Why does Retrieve and Rank ignore my indexes when querying a collection?


We have a Solr collection in Retrieve and Rank which contains, among others, a field called document_sub_type. This field is indexed in the Solr schema, but does not have a field type value (I understand that fields intended to be used by the ranker must have a field type value of "Watson_text_en"; this field does not). We want to filter results on this document_sub_type metadata field.
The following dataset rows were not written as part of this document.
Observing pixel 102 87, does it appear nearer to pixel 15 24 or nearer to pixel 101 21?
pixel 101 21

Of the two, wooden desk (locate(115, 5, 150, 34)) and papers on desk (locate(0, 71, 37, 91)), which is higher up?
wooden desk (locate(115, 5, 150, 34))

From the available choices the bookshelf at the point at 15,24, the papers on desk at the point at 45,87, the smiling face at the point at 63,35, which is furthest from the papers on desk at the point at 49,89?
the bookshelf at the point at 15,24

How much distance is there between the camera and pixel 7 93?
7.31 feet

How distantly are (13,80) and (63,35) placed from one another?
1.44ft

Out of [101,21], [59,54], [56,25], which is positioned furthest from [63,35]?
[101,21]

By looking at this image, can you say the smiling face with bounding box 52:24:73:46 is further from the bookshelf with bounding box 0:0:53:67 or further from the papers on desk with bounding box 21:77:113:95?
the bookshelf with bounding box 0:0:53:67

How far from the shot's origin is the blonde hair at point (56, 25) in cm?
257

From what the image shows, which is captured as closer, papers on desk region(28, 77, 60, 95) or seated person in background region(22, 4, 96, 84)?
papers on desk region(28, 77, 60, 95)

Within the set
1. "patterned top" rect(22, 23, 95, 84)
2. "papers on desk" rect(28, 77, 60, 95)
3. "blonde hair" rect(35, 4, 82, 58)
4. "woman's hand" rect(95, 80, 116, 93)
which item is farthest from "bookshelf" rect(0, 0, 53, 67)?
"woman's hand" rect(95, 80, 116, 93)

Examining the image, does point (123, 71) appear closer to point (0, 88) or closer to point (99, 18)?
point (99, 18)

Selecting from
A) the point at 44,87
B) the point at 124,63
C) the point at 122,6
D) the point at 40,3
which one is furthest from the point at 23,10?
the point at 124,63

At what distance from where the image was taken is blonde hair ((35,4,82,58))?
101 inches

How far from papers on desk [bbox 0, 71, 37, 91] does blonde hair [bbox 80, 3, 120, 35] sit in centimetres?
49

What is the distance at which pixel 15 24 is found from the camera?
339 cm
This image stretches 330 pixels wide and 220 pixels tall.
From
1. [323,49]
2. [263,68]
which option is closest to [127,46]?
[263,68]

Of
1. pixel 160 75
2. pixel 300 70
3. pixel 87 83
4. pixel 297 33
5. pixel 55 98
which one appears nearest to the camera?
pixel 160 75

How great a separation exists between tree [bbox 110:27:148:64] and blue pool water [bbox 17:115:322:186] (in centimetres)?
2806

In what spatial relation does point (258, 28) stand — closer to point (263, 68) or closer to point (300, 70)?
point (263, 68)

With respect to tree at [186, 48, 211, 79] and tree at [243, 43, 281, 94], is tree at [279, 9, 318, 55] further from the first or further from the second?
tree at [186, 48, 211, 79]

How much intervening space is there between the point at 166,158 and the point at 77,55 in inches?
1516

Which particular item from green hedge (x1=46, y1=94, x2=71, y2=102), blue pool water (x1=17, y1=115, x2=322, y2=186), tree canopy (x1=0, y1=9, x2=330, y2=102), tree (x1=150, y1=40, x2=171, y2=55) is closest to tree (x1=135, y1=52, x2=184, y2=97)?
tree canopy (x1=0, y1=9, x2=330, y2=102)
If I send the query power systems client reference AND (document_sub_type:"Client Reference*" OR document_sub_type:"Case Study*") to the /select endpoint of R&R, I get back only documents with a document_sub_type value of "Client Reference Book" or "Client Reference Brief", just as expected. However, if I send the same query to the /fcselect endpoint, the returned documents have a document_sub_type value that could apparently contain any value.

I will admit that our ranker is not fully trained, but this occurs even if we omit the ranker from the query.

Why does /fcselect ignore the metadata part of the query?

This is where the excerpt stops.